There is a large group of pairs in this data where the responses are *tied*.
That is, both members of the pair have the same predicted outcome and they also have
the same observed outcome. The number of such pairs in this dataset is:
49 * 820 + 62 * 810 = 40180 + 50220 = 90400.
The percent of such pairs is 90400 / 180930 = 49.96 %.
------------------------------------------------------------------------
3. CLASSIFICATION TABLE:
Correct Incorrect Percentages
Prob Non- Non- Sensi- Speci- False False
Level Event Event Event Event Correct tivity ficity POS NEG
0.040 111 0 1630 0 6.4 100.0 0.0 93.6 .
0.060 62 810 820 49 50.1 55.9 49.7 93.0 5.7
0.080 0 1630 0 111 93.6 0.0 100.0 . 6.4
------------------------------------------------------------------------
The important line to consider in this table is the middle one, which
corresponds to the observed data. The total number of people who were studied was
1740. The number predicted by the model to have an event in the no-streptokinase
(X1 = 0) group is:
882 * Prob(Y = 1 | X1 = 0) = 882 / (1 + exp(+2.5822)) = 61.9983.
Thus the number predicted by the model to have an event in this group equals
(to within roundoff) the number (62) who actually did have an event.

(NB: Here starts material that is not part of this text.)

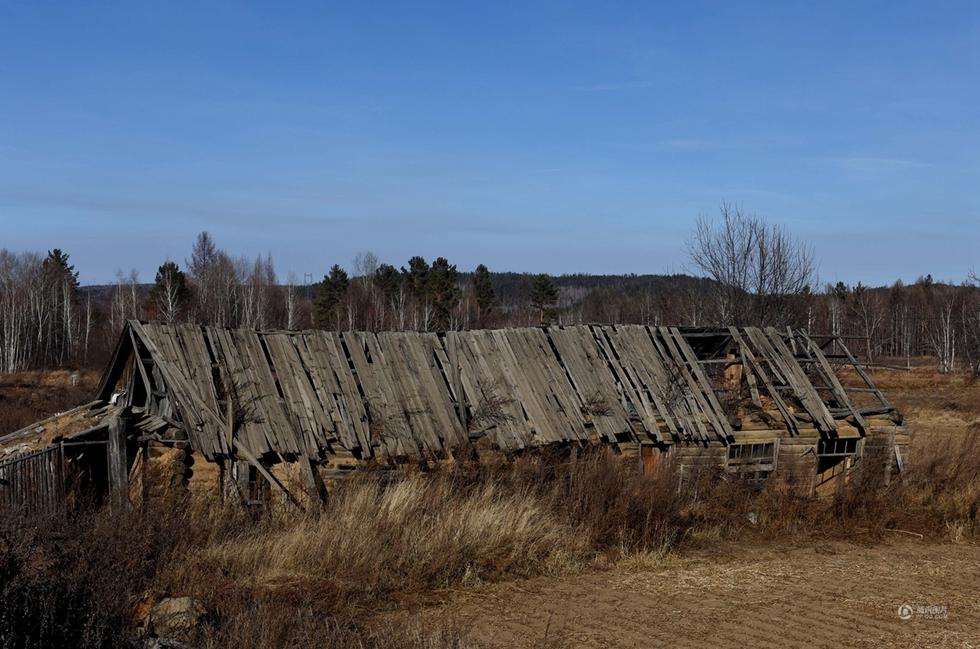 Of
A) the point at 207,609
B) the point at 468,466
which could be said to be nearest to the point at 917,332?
the point at 468,466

This is the
number of correctly predicted events in the no-streptokinase group.
The number predicted to NOT have an event in the same group is 882 - 62 = 820.

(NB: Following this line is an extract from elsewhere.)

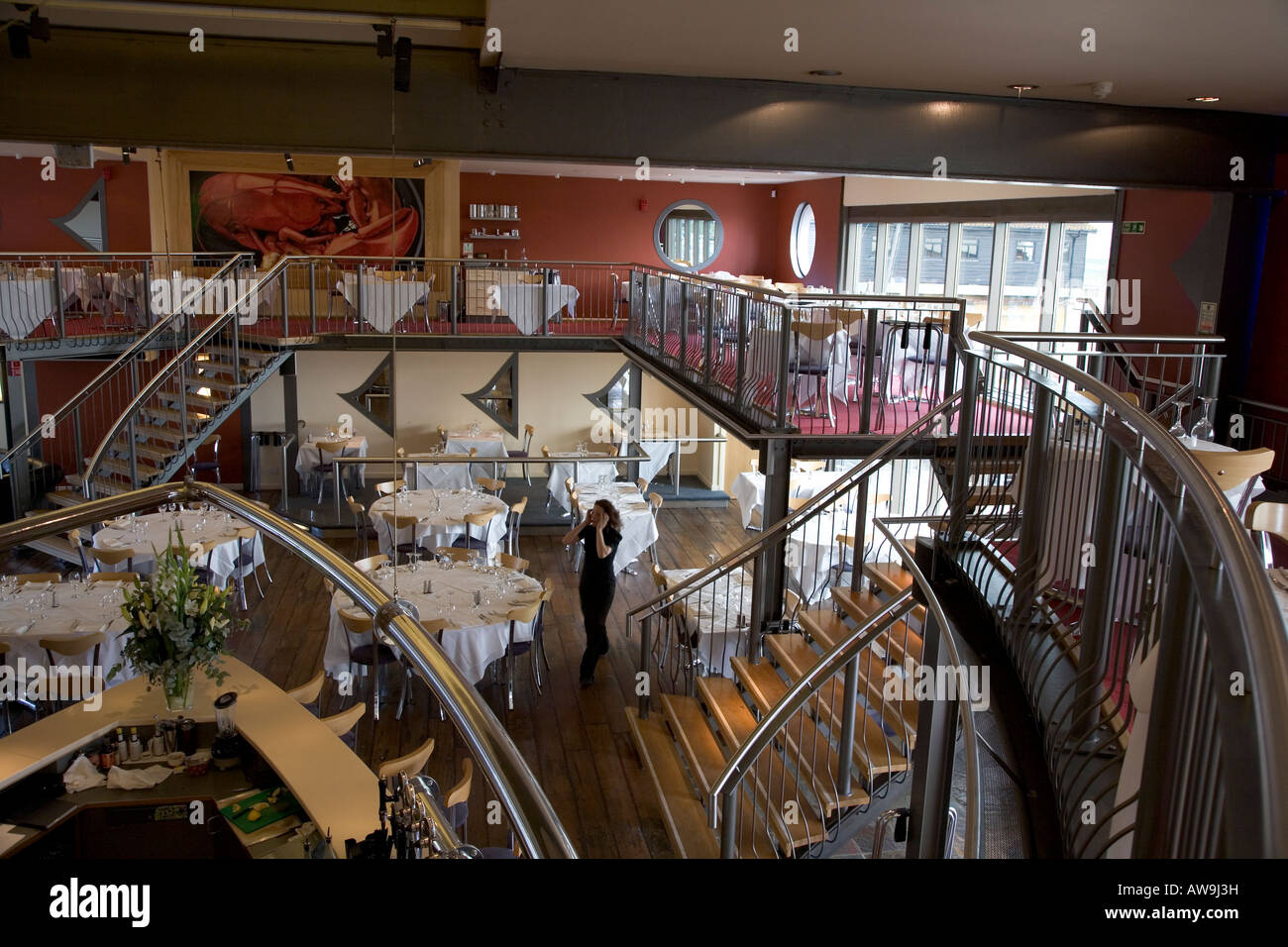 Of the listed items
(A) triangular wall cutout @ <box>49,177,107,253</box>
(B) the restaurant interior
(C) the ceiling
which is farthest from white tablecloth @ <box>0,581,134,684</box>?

This is the number of INCORRECTLY predicted events in the no-streptokinase group.
Similarly, the number correctly predicted to have an event in the streptokinase
group is
859 * Prob(Y = 1|X1 = 1) = 859 / (1 + exp(2.5822 + .2230))
= 859 * .05704 = 49.
[Note: .05704 approximately equals .06, the 'Prob Level' associated with the
middle line of the Classification table.]
The number predicted NOT to have an event in the streptokinase group is
849 - 49 = 810.
These numbers give rise to rates of sensitivity and specificity for the
predictions produced by the logisitic model. Sensitivity is the percent which are
correctly predicted among those who actually have the condition of interest. The
number that actually had the condition of interest (CHD death) is 62 + 49 = 111.

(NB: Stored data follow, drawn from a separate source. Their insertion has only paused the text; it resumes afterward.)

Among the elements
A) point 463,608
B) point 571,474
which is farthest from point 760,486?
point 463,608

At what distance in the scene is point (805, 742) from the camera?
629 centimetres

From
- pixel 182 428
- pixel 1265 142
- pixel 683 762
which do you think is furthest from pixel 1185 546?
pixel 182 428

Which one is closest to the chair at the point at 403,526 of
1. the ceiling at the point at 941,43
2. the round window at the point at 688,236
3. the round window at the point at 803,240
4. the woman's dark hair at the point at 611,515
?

In this case, the sensitivity is therefore:
62 / (62 + 49) = 62 / 111 = 55.86 %.
Similarly, specificity is the number who are correctly predicted among those
who do NOT have the condition of interest. The number who did not suffer CHD death
was 1630. Therefore the specificity is estimated as:
810 / (820 + 810) = 49.69 %.
------------------------------------------------------------------------
n54703.009 Last update: March 2, 2005.